Bu yüzden herkes çocuğuna boykotun etkisi ve nedenlerini de anlatmalı. Unutmayınız ki, Mekke müşriklerinin Müslümanlara yönelik iki yıl süren boykot/ablukasından bu yana, Müslümanlar hemen her zaman aynı süreci yaşamakta. Nihayetinde kurtuluş da yine Müslümanların şahsî ve doğru tercihlerine bağlıdır.

Boykota önce devlet başlamalı

İktidar muhaliflerinin, Fransa meselesine yaklaşımları aslında millete ve değerlerimize de muhalif olduklarını gösteriyor. Aynı durum, bürokrasi için de önemli ölçüde geçerli. Alım tercihlerini millî firmalara yöneltmedikleri için özellikle teknoloji şirketlerimiz bir türlü gelişmiyor. Sadece bu sahaya has da değil. Ne yazık ki, devletlerin başına bela olan bürokrasiler, devlet ve milletin değil alacakları avanta ve kendilerine sunulan gayri ahlâkî haz ve avantaların peşinde olabilirler.

Bu nedenle siyasî irade, Fransa’ya yönelik boykotu halkından önce kendisi başlatmalı. Mesela Cumhurbaşkanlığı bir kararnâme yayınlayarak, kamu kurumlarında Fransız mallarının alımını durdurmalı. Ayrıca millîsi varken yabancısını almayı da derhal yasaklamalı.

Fransa boykotu nasıl olmalı?

Boykotun nasıl olması gerektiği bahsini, Gıda Hareketi’nin açıklamasına bırakarak neticelendirelim:

“Global dünyada mal ve hizmetler çoğu kez birbirine geçmiş helezonik halkalar gibi olduğunu biliriz. Bu yüzden kim yerli, kim millî, kim yabancı bâzen ayırt etmek kolay olmaz.
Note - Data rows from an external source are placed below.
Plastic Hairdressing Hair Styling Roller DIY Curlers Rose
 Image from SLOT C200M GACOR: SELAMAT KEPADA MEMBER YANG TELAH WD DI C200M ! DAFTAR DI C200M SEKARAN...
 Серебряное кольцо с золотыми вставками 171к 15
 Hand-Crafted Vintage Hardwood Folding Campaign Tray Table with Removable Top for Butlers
Mesela, bazı markalar yabancı olduğu veya gözüktüğü hâlde, bu tip ürünler millî sermaye ile kendi işçilerimizle üretilmekte, vergi ve kazancı tümüyle Türkiye’de kalmaktadır. Bu firmalar genellikle kullandığı markayı ya tümüyle satın almış yâhut da markayı on yıllara cari bir süre için kiralamıştır. Bu nedenle söz konusu markayı taşıyan ürünler tümüyle Türk sermayesi ve ürününe dönüştüğü hâlde Fransız markası zannedilebilmektedir.

İki:

Bir takım ürünler ise tümüyle Fransız sermayesi ile Fransa’da üretilmekte ve mâmül olarak ülkemize ithal edilmektedir. Yani her açıdan Fransız malıdır.

Üç:

Bazı markalar da tümüyle Fransız sermayesi, ancak Türkiye’de üretilmektedir. Bu ürünlerin işçiliği bize ait ise de, kazanç yine yabancı firmaya gidiyor.

Sermaye ve üretim yapıları dikkate alınmadan yapılacak kapsamlı boykotlar, ülkemize de zarar verme ihtimali barındırabilir. Bundan hareketle boykotu üç biçim ve renkle ele alıyoruz:

Yeşil kategori Hangileri boykot edilmemeli?

Türk sermayesi ile Türkiye’de üretilen, işçileri Türk olan ve kazancı memleketimizde kalan markalar Fransız gibi gözükse de asla boykot etmeyeceğiz!

Kırmızı kategori Hangileri boykot edilmeli?

Markası, sermayesi, üretimi ve kazancı tümüyle Fransa’ya ait ve Türkiye’ye ithal edilen tüm ürünler Öncelikle ve mutlaka boykot edilecektir.

Sarı kategori. Biz zarar göreceksek boykot etme

Bazı markalar Fransız, sermaye de Fransız, ancak ürün Türkiye’de Türk işçiliği ile üretilmekte. Bu durumda tümüyle yerli markamız varsa; öncelikle onları, yok ise Pakistan, Malezya, Katar gibi dost bir ”ülkenin markası tercih edilmeli. Yok ve elzem ise de boykot kapsamına alınmamasını tavsiye ederiz. Ancak bu tür firmalar, Fransa Cumhurbaşkanı Macron’un fikir ve fiillerini destekliyor ise mutlaka boykot edilmelidir.